I'm starting a new thread to ask a specific question that I'm left with after reading this old, good thread:
Do all interactions terms need their individual terms in regression model?
The gist of the problem is this: one starts with a complex model motivated by theory. One would like to simplify it -- practically to reduce multicolinearity, and "inferentially" to be able to conduct better inference on the model terms.
The standard advice -- well-articulated in the linked thread -- is that it is generally a bad idea to remove main effects of interaction effects, even when AIC improves. This is because the resultant model is no longer invariant to locational shifts in the variables. I emphasize locational.

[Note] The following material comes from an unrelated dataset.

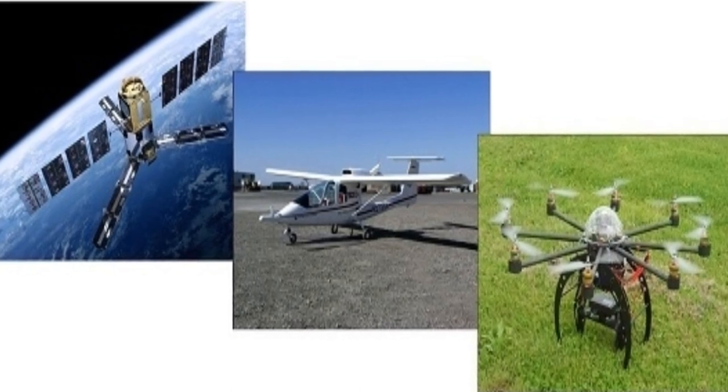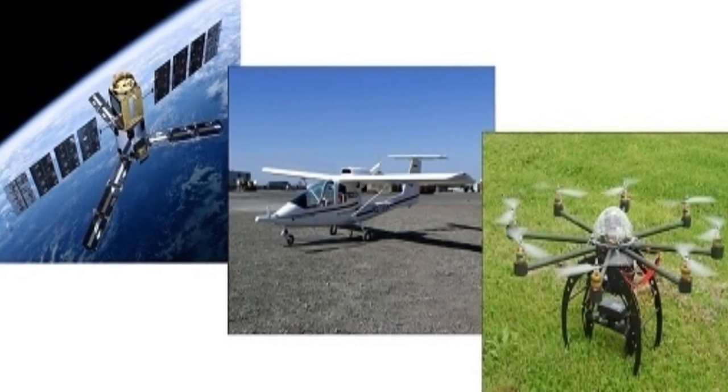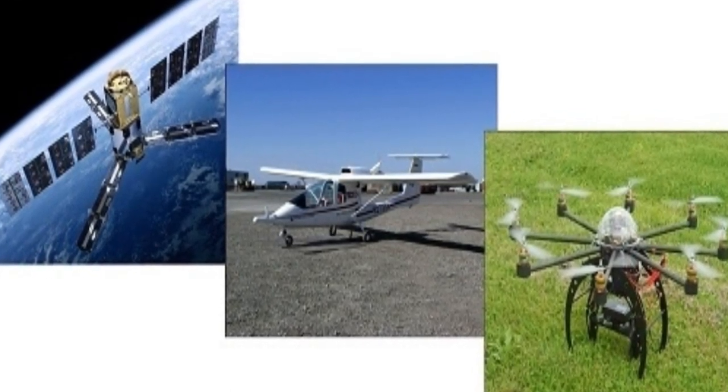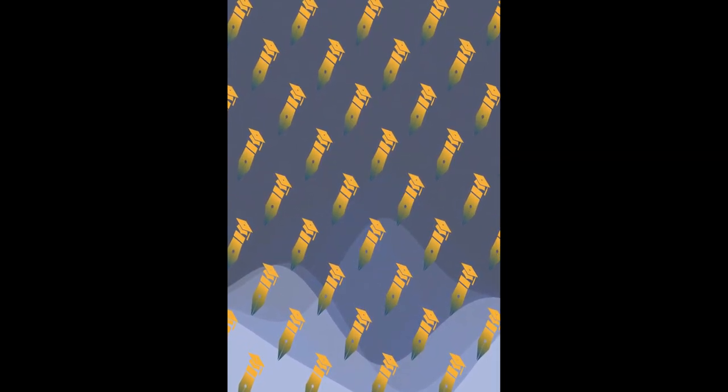Precision viticulture has experienced significant growth due to improved and cost-effective instruments and methodologies for data acquisition and analysis, such as Unmanned Aerial Vehicles, UAV.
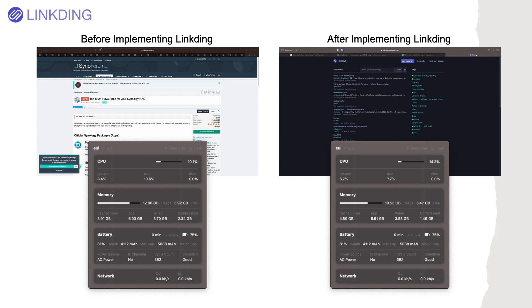For further details on LinkDing, I'll link to their GitHub page in the description below.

But now say you're fitting a model where all the variables on the right hand side have real meanings in the physical world. Lets take, for example, the pH of a substance, or temperature in Kelvin. These things cannot be locationally shifted without changing their meaning. They can be multiplicatively scaled into different systems (i.e.: inches to cm) -- but multiplicative scaling should not affect inference in the ways described in the linked thread.
Furthermore, any sort of additive scaling would fundamentally change their meaning -- we'd no longer be talking about the absolute effect of a real thing, but rather the effect relative to some other thing.
In my context, I've got a large number of interactions, and I'm agnostic about whether many of the variables should lead to a level effect, or simply moderate the slopes of the responses driven by other variables. For example, I don't know if temperature has its own effect on the phenomenon of interest, or whether it simply affects response to change in pH. So I don't think that I'm making any serious errors in creating an interpretable, plausible model.
Would appreciate if anyone could confirm my logic here, or point out any flaws that might be lurking.